Google Cloud Logging MCP server
Create a powerful Model Context Protocol (MCP) server for Google Cloud Logging to collect, search, analyze, and export logs from across your GCP infrastructure and applications. This integration enables AI agents to manage logs, create metrics from log data, export logs to data warehouses, and set up alerts—all with secure service account authentication.
Setting up an MCP server
This article covers the standard steps for creating an MCP server in AI Gateway and connecting it to an AI client. The steps are the same for every integration — application-specific details (API credentials, OAuth endpoints, and scopes) are covered in the individual application pages.
Before you begin
You'll need:
- Access to AI Gateway with permission to create MCP servers
- API credentials for the application you're connecting (see the relevant application page for what to collect)
Create an MCP server
Find the API in the catalog
- Sign in to AI Gateway and select MCP Servers from the left navigation.
- Select New MCP Server.
- Search for the application you want to connect, then select it from the catalog.
Configure the server
- Enter a Name for your server — something descriptive that identifies both the application and its purpose (for example, "Zendesk Support — Prod").

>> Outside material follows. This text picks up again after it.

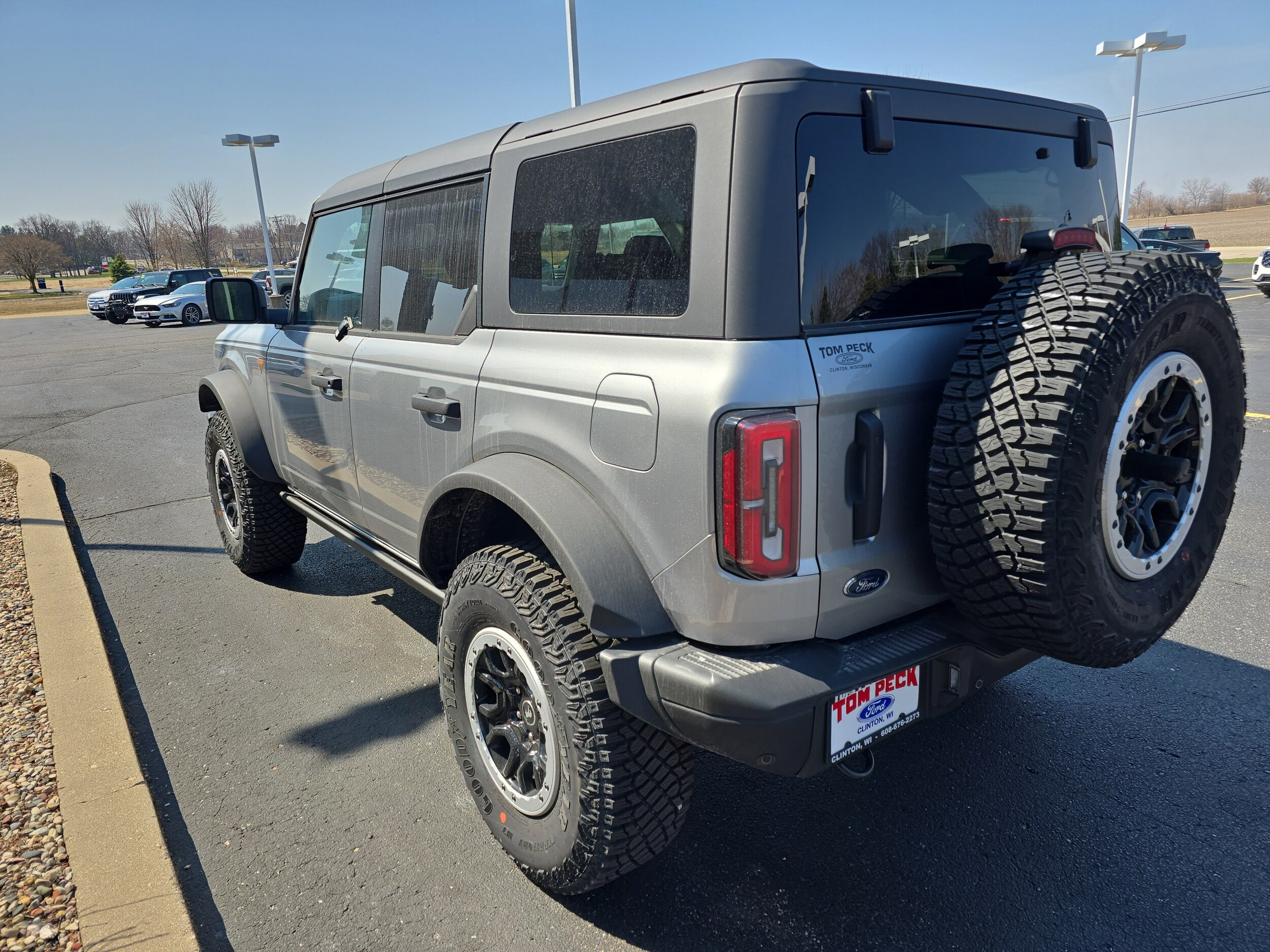 2024 Ford Bronco Badlands photo 3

- Enter a Description so your team knows what the server is for.
- Set the Timeout value. 30 seconds works for most APIs; increase to 60 seconds for APIs that return large payloads.

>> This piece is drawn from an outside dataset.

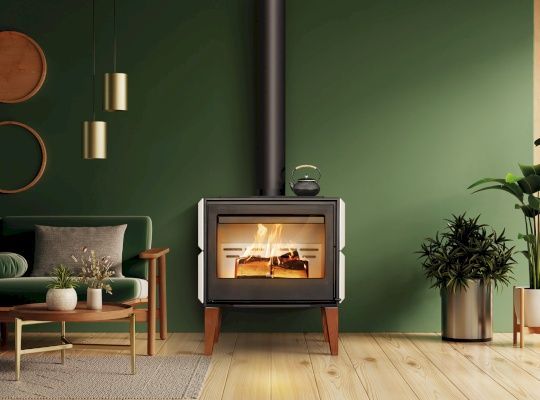 Un poêle à bois avec une réserve de bûches de bois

- Toggle Production mode on if this server will be used in a live workflow.
- Select Next.
Configure authentication
Enter the authentication details for the application. This varies by service — see the Authentication section of the relevant application page for the specific credentials, OAuth URLs, and scopes to use.
Configure security
- Set any Rate limits appropriate for your use case and the API's own limits.

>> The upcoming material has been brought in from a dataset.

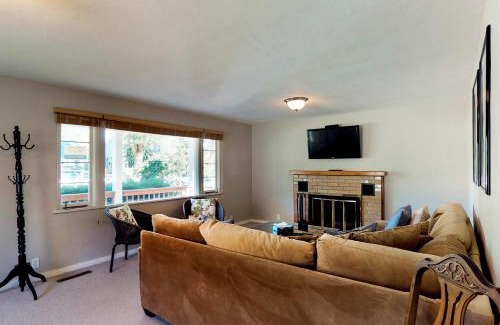 Durango House | Library House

- Enable Logging if you want AI Gateway to record requests and responses for auditing.
- Select Next.
Deploy
Review the summary, then select Deploy. AI Gateway provisions the server and provides a server URL you'll use when configuring your AI client.
Connect to an AI client
Once your server is deployed, you'll need to add it to the AI client your team uses. Select your client for setup instructions:
Tips
- You can create multiple MCP servers for the same application — for example, a read-only server for reporting agents and a read-write server for automation workflows.
- If you're unsure which OAuth scopes to request, start with the minimum read-only set and add write scopes only when needed. Most application pages include scope recommendations.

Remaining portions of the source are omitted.